Agricultural Economics • Certain market characteristics also have an impact on prices. • Ag. in general is relatively competitive. • Can you think where it is the most competitive? – Beef – Hogs – Food and feed grains • There are many producers that individually do not produce a large enough volume to have any influence on market prices. • The products of these firms are like the commodities produced by other firms, either because of the characteristics or the product
Agricultural Economics • Also entry barriers are so low that it’s easy for producers to change to the most profitable enterprise. • These conditions cause the total supply and demand for each product to influence its price • Consumers of agricultural products also change their buying habits as relative prices change
Agricultural Economics • Ex. of changing buying habits – You go to the store to buy a pound of ground beef and see it is $2. 75/lb. You then notice that you can buy a pound of ground turkey for $1. 25. Which one will you buy? • These factors cause wide fluctuations in agricultural prices • This results in the boom or bust nature of agricultural incomes.
Agricultural Economics • Price in the United States is also effected by the world market • Ex. – The U. S. produces soybeans. Who else produces them? – South America. Do you think they have any impact on our market? – The impact is huge. If it rains overnight there, the prices will change.

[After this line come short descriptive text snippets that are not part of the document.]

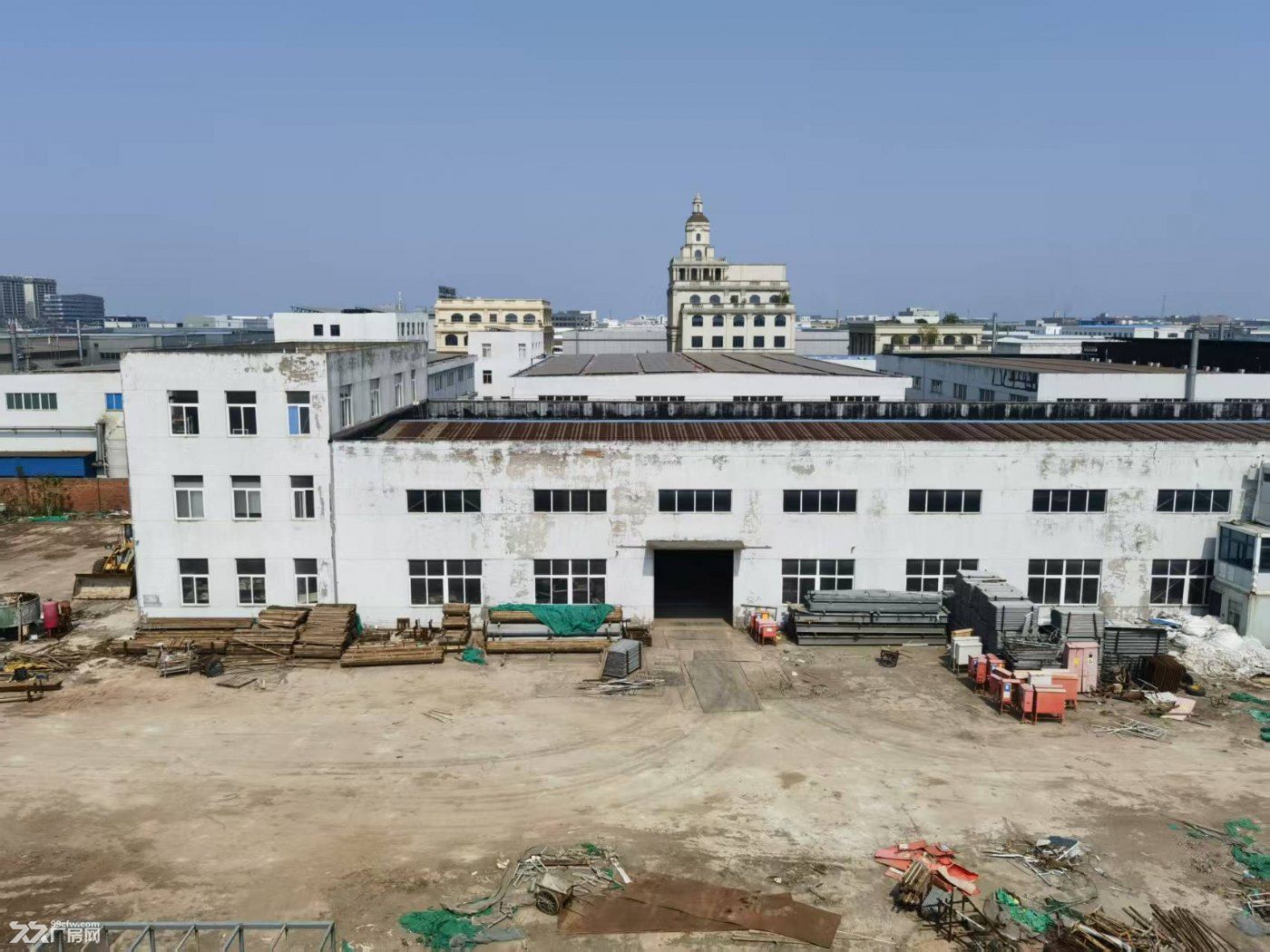 ★非中介自有标准厂房整体出租2663平方米(赠送空地使用7238平方米) - 4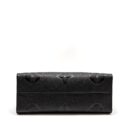 AAA Replica Louis Vuitton LV ONTHEGO GM MONOGRAM EMPREINTE LEATHER BLACK GHW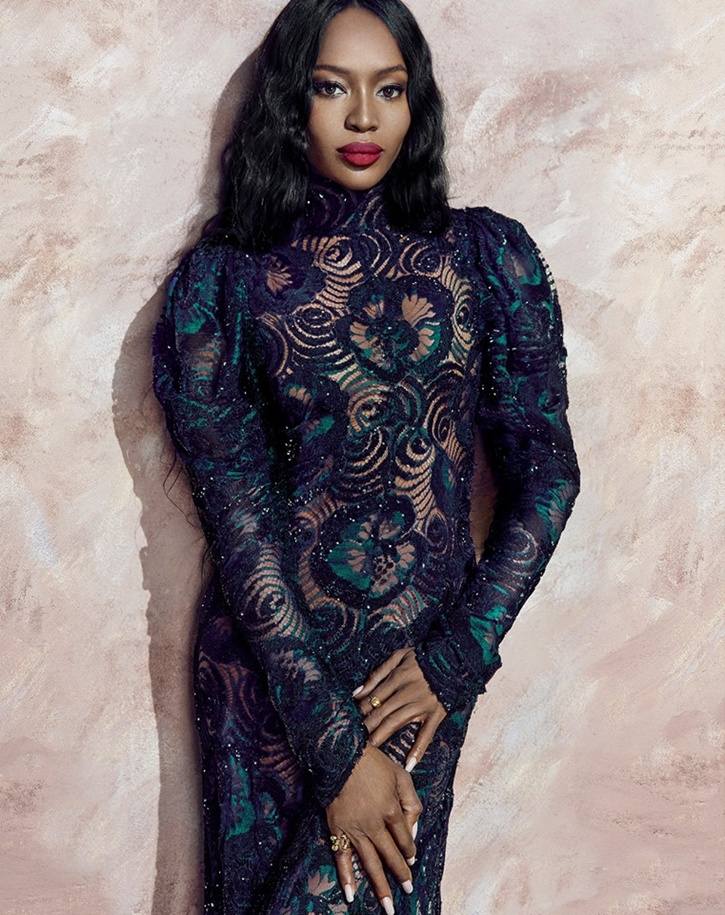 Naomi Campbell @ Harper&rsquo;s Bazaar Vietnam June 2014
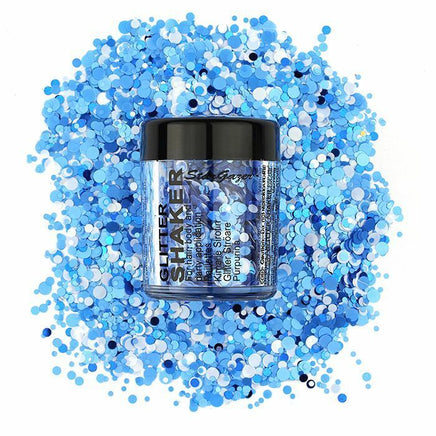 Stargazer CONFETTI Chunky Loose Glitter Face Body Nail Art Hair Blue Health & Beauty:Make-Up:Eyes:Eye Shadow fancy galaxy glitter makeup stars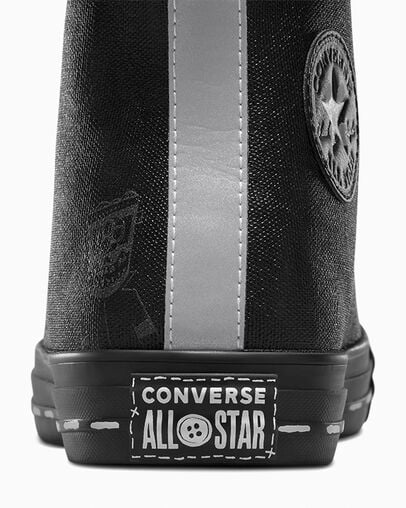 Black / Black Converse Converse x Coraline “Other Wybie” Chuck Taylor All Star Men Sneakers Canada | C-51467399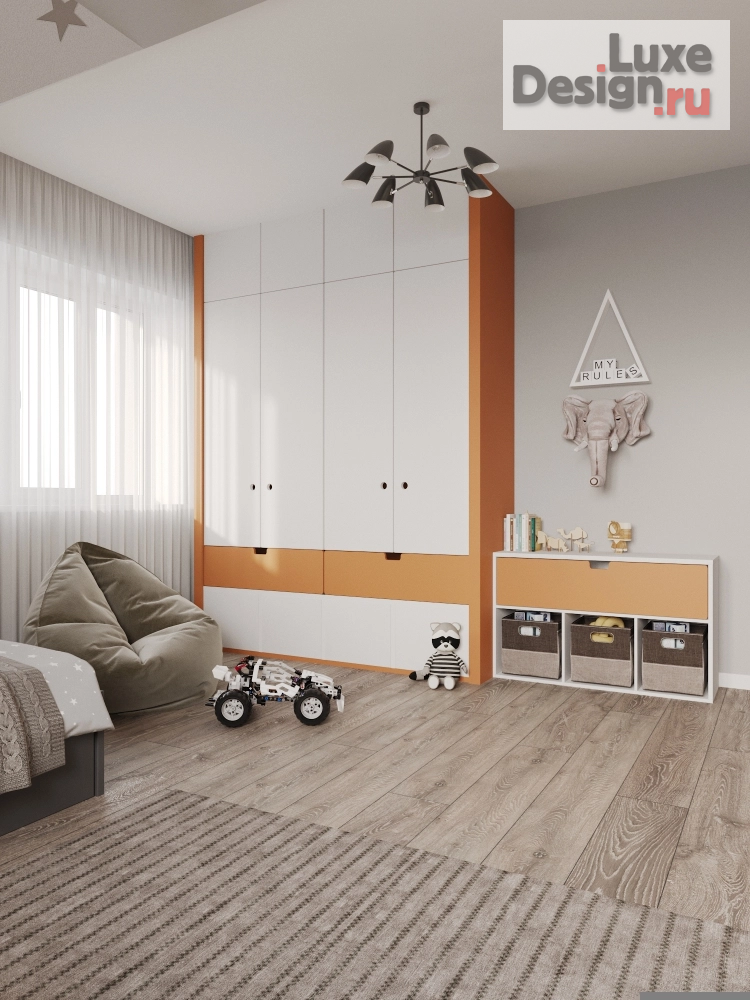 Дизайн интерьера коттеджа "Коттедж г.Рубцовск" (фото 38)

Choice and its economic meaning • A problem remains, not only for individuals, but nations as well. It affects nations that utilize both free markets or total government control. • The problem is scarcity • Scarcity – A basic economics condition in which our wants exceed the resources available to satisfy those wants
Choice and its economic meaning • A good or service is scarce when we must give up (or sacrifice) some amount of one thing to get some of another good or service • When we realize that a valued good or service is being sacrificed to gain something else, we become aware of the economic meaning of the word cost
Choice and its economic meaning • These costs are called Opportunity Costs • Opportunity Costs – The value of other opportunities given up in order to produce or consume any good. • What determines worth? • It’s not the physical amount of something we give up, but how we value it. • We value goods and services because of the satisfaction we get from them.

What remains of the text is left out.